[Short text fragments from websites]

━━━━━━━━━━━━━━━━━━━━━━━━━━━━━━

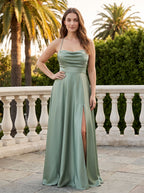 Dusty Sage Satin A-Line Straight Neck Corset Back Floor-Length Dress with a High Slit - Curvevia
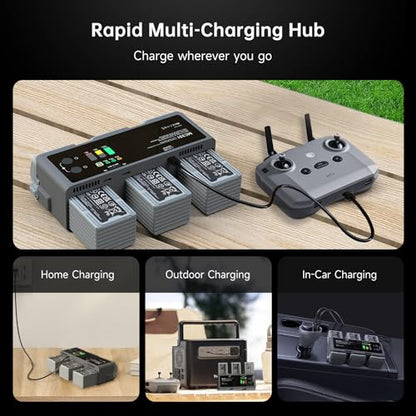 LIMETA 200W Fast Charging Hub for DJI Air 3s Battery Simultaneous 3 Drone Batteries with LED Light, Discharge Multi-Function Air 3 Charger Hub Drone Accessories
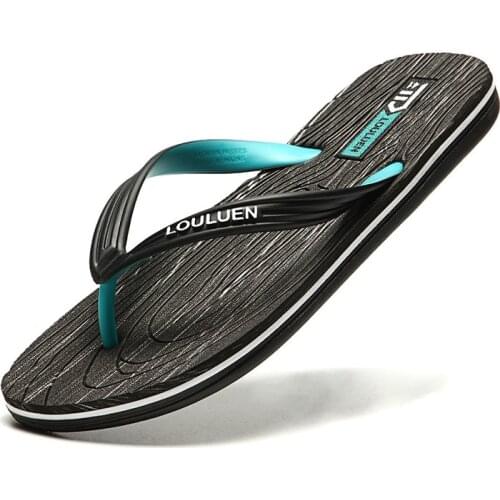 Mens Letter Flip-Flops Summer Anti-Skid Shoes Outer Wear Flip Outdoor Sandals Trend Rubber Beach Breathable Soft Sole Slippers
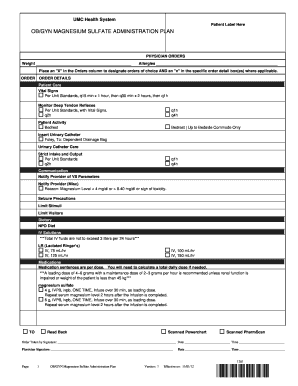 OB/GYN Magnesium Sulfate Administration Plan
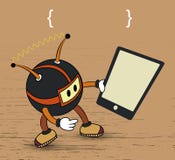 Karikatur mit Tablettenvektor Stockfotografie Karikatur mit Tablettenvektor Stockfotografie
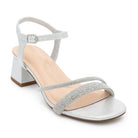 Grace-23 Rhinestone Low Block Heels - Silver Shimmer - view 2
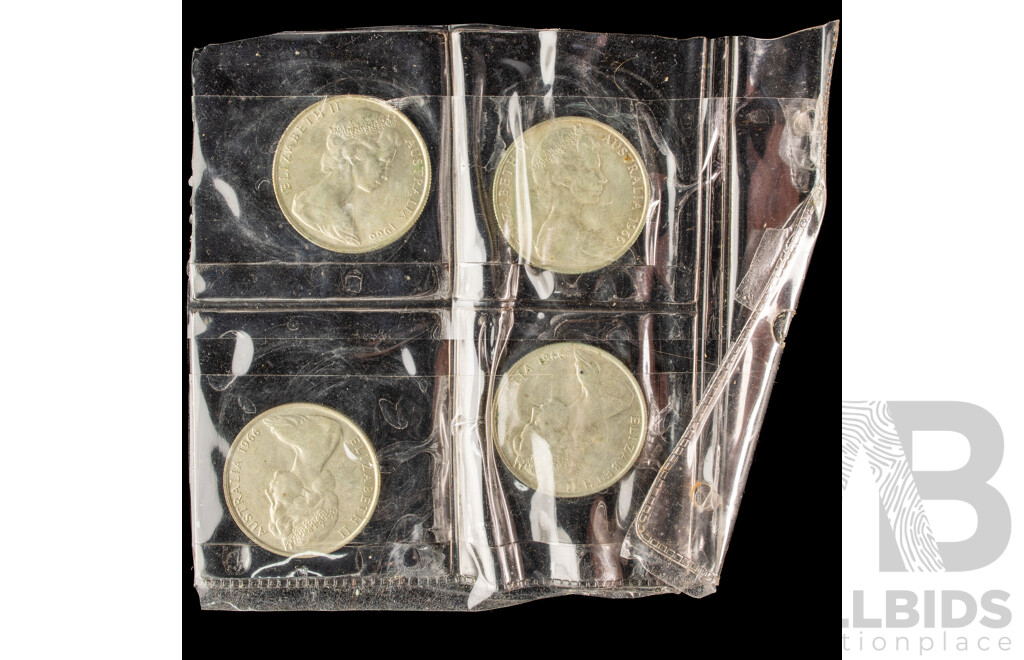 Four Australian 1966 Round Silver Fifty Cent Coins .800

━━━━━━━━━━━━━━━━━━━━━━━━━━━━━━

» **Exercise**: Provide an exact copy of the records, excluding every picture.

» **Task response**:
 Dusty Sage Satin A-Line Straight Neck Corset Back Floor-Length Dress with a High Slit - Curvevia
 LIMETA 200W Fast Charging Hub for DJI Air 3s Battery Simultaneous 3 Drone Batteries with LED Light, Discharge Multi-Function Air 3 Charger Hub Drone Accessories
 Mens Letter Flip-Flops Summer Anti-Skid Shoes Outer Wear Flip Outdoor Sandals Trend Rubber Beach Breathable Soft Sole Slippers
 OB/GYN Magnesium Sulfate Administration Plan
 Karikatur mit Tablettenvektor Stockfotografie Karikatur mit Tablettenvektor Stockfotografie
 Grace-23 Rhinestone Low Block Heels - Silver Shimmer - view 2
 Four Australian 1966 Round Silver Fifty Cent Coins .800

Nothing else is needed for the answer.